From Drudge today, about rap star Cam'ron who told "60 Minutes" he wouldn't help police catch a serial killer.

Far more disturbing is this from Geoffrey Canada, an anti-violence advocate from Harlem:

Canada says in the poor New York City neighborhood he grew up in, only the criminals didn't talk to the police, but within today's hip-hop culture, that's changed. "It is now a cultural norm that is being preached in poor communities....It's like you can't be a black person if you have a set of values that say 'I will not watch a crime happen in my community without getting involved to stop it,'" Canada tells Cooper.

Young people from some of New York's toughest neighborhoods echo Canada's assessment, calling the message not to help police "the rules" and helping the police "a crime" in their neighborhoods.
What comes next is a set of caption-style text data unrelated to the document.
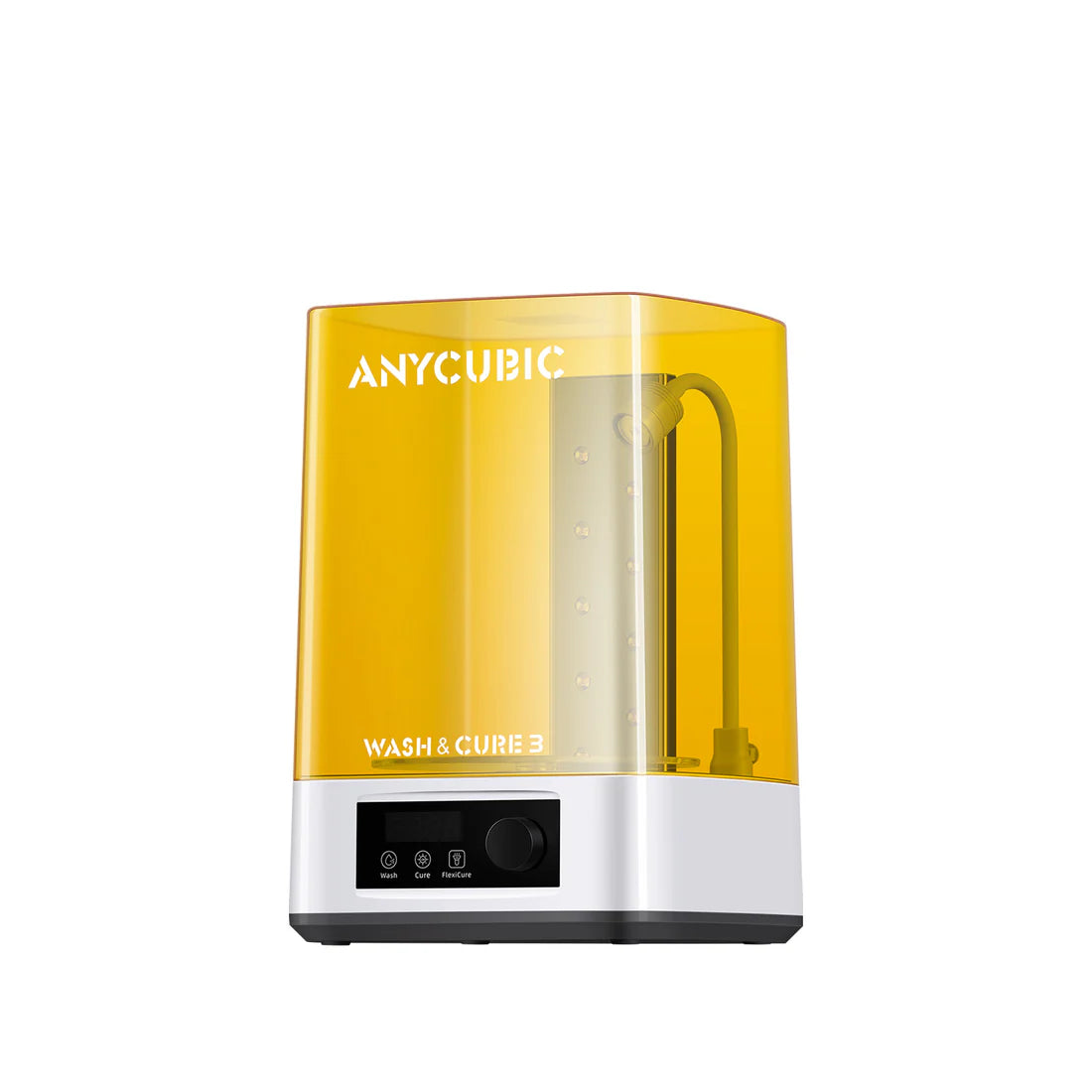 Anycubic Wash & Cure 3.0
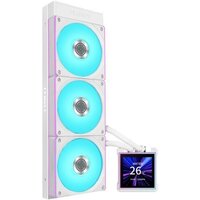 Lian Li HydroShift II LCD-S 360CL G89.GHS2LCDS36CW.R0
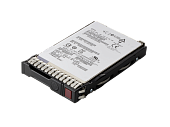 HPE 480GB SATA RI SFF SC DS SSD-P05928-B21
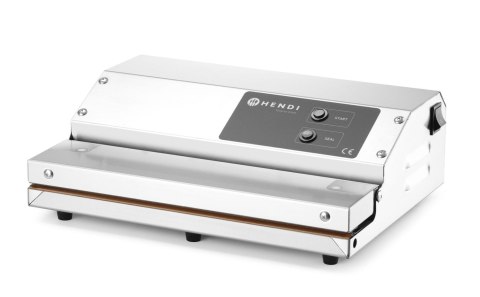 Pakowarka próżniowa Kitchen Line - Listwowa Hendi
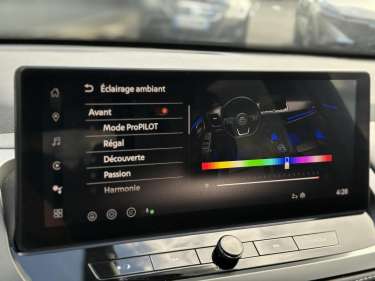 NISSAN QASHQAI III NV 1.3 DIG-T 158 X-Tronic N-Connecta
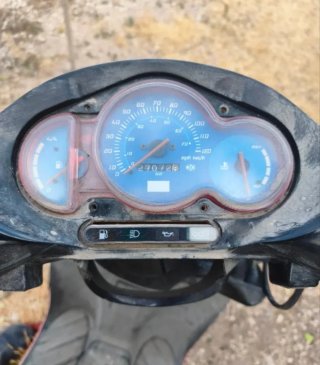 Marcador Aprilia SR 50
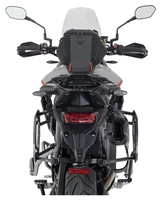 Dusc Seitenkoffer-System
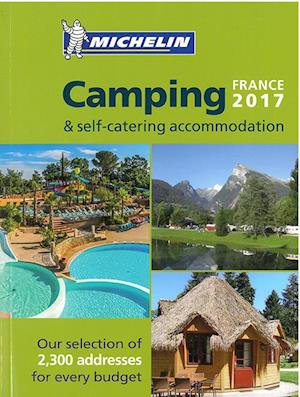 Camping France 2017
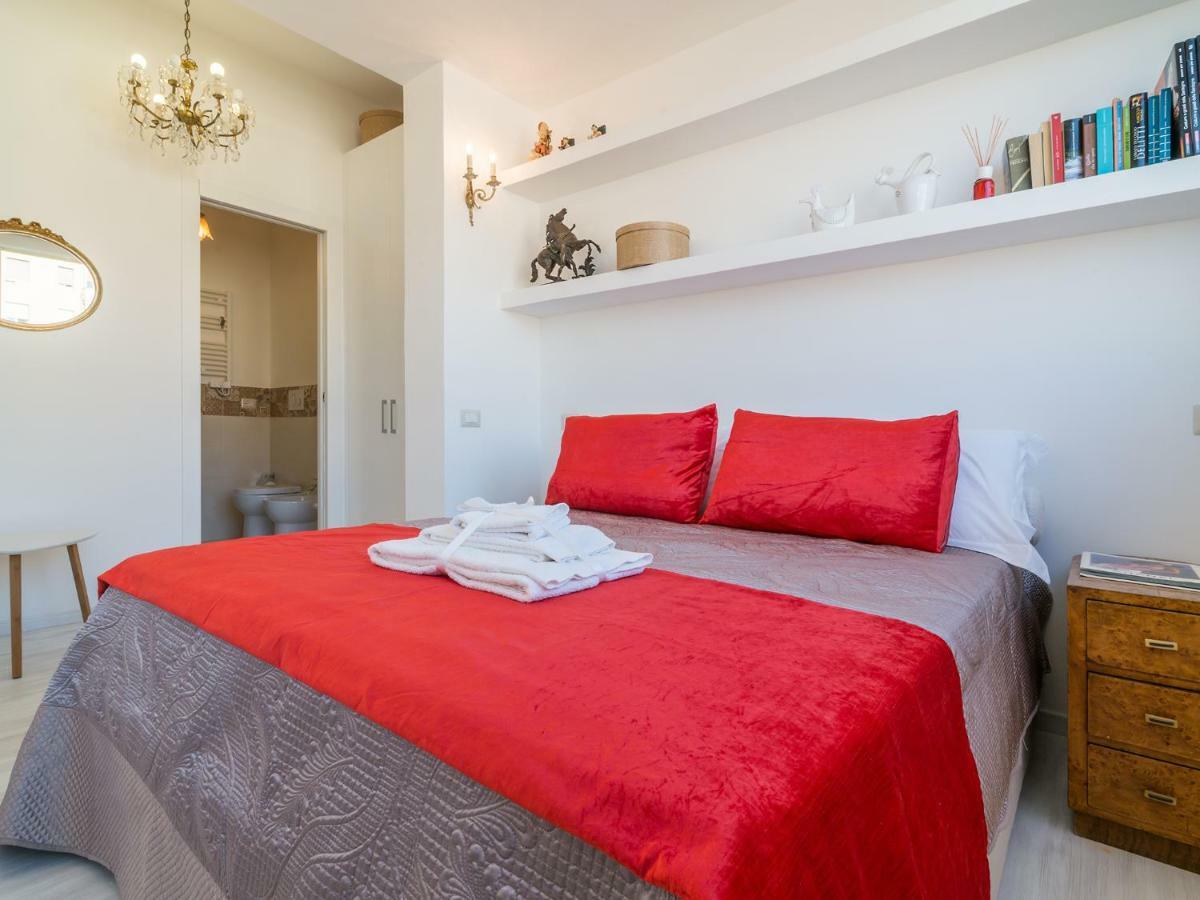 Sky And Sea Apartment Cagliari Ngoại thất bức ảnh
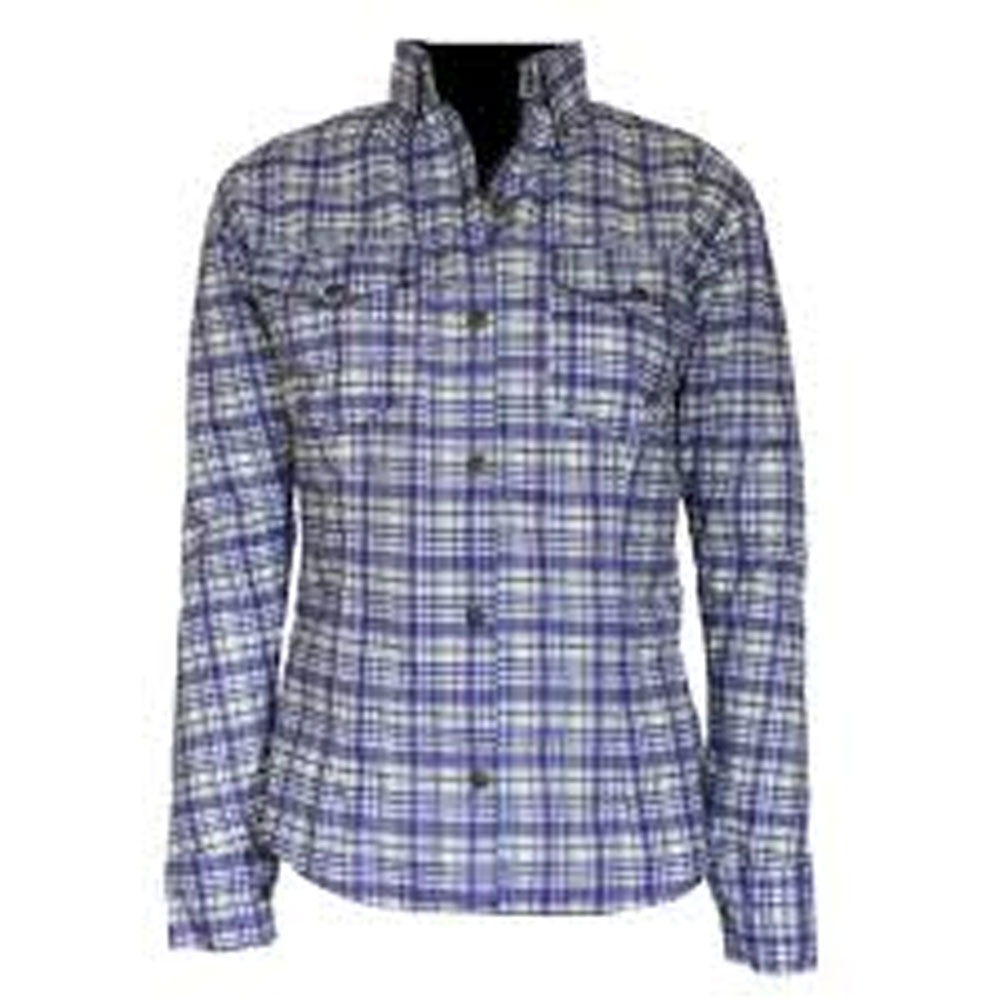 Women kevlar shirt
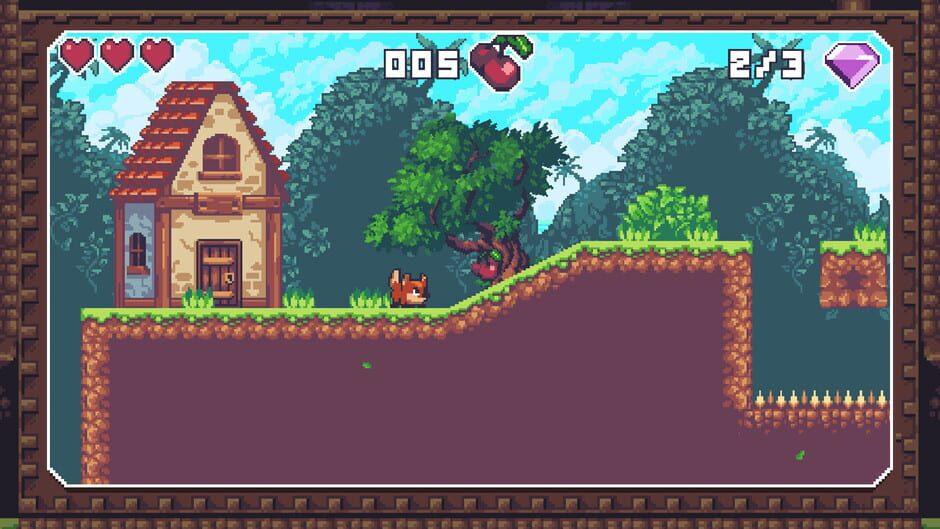 FoxyLand screenshot 2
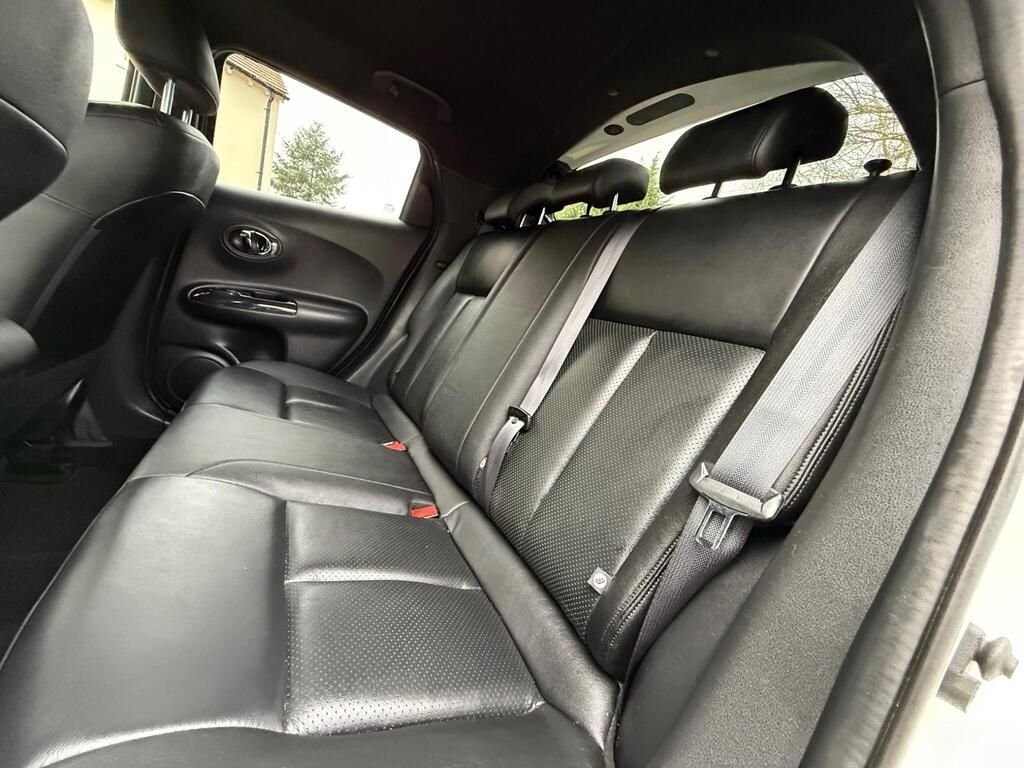 Used Nissan Juke 2018 for sale - 76792202: Photo 6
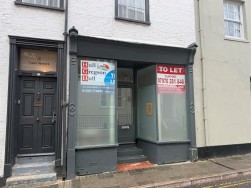 East Street, Weymouth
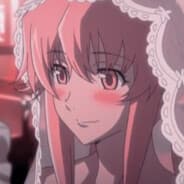 ryoma's gf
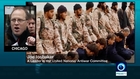 US failed in training Syria militants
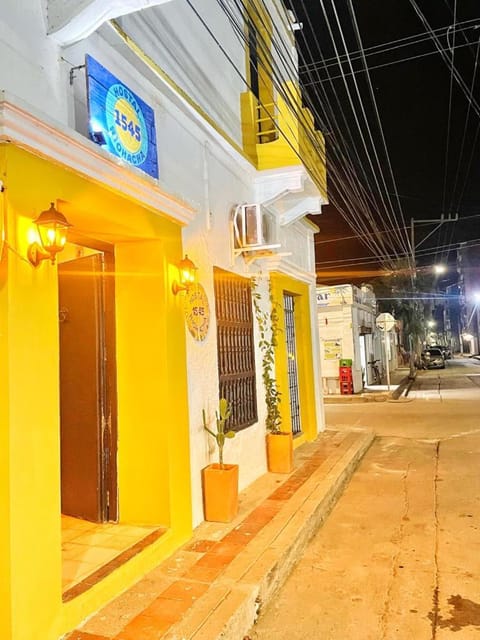 Hostal 1545 Bed and Breakfast in Riohacha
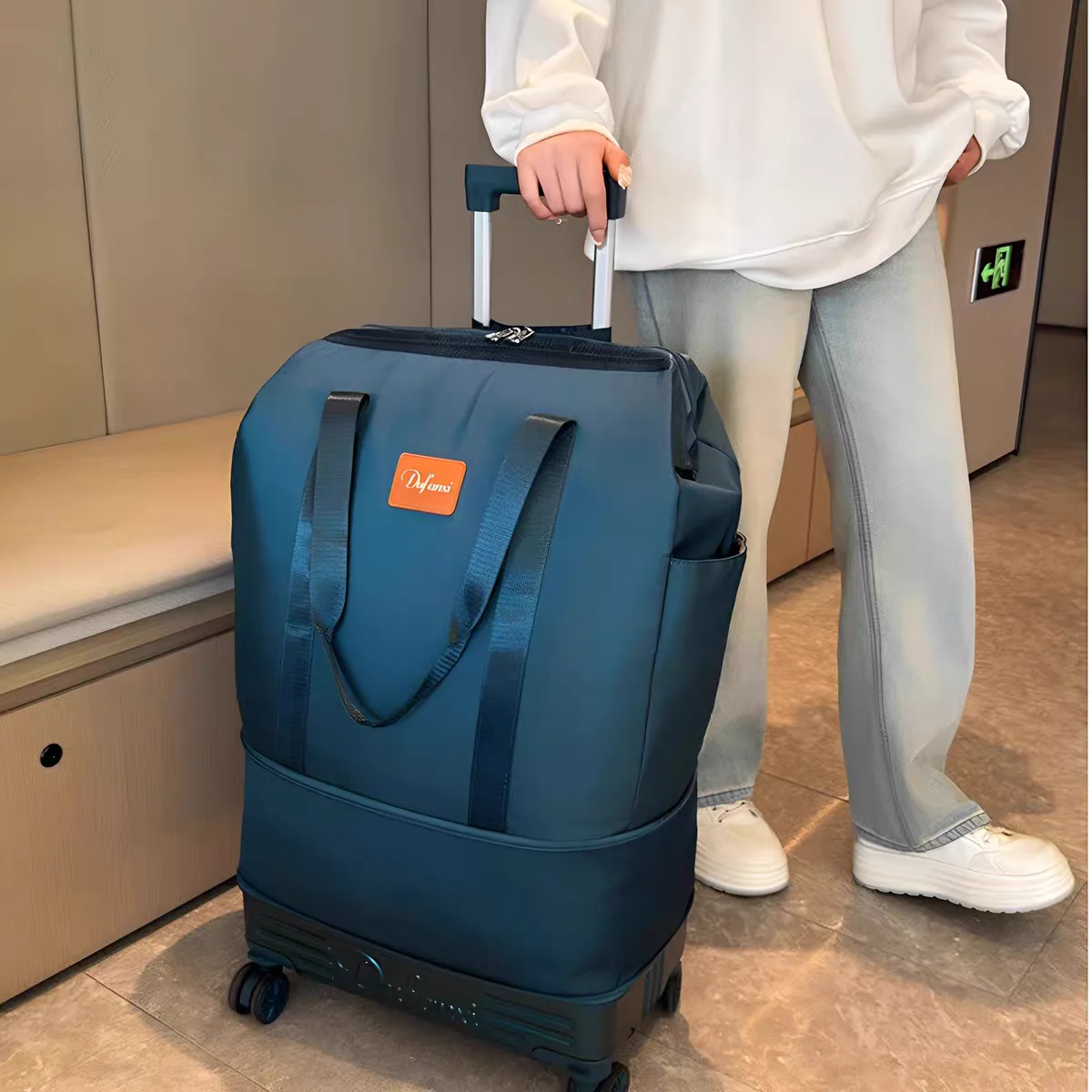 large-capacity-student-dormitory-luggage-bag-with-wheels-portable-travel-bag-foldable-carry-on-suitcase-for-business-trip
These "rules" are contributing to a much lower percentage of arrests in homicide cases -- a statistic known as the "clearance rate" -- in largely poor, minority neighborhoods throughout the country, according to Prof. David Kennedy of the John Jay College of Criminal Justice. "I work in communities where the clearance rate for homicides has gone into the single digits," says Kennedy. The national rate for homicide clearance is 60 percent. "In these neighborhoods, we are on the verge of -- or maybe we have already lost -- the rule of law," he tells Cooper.

Says Canada, "It's like we're saying to the criminals, 'You can have our community....Do anything you want and we will either deal with it ourselves or we'll simply ignore it.'"

So when we hear of conflicts between minorities and the legal system, is there a genuine problem of racism, or is it this lawless attitude manifesting itself?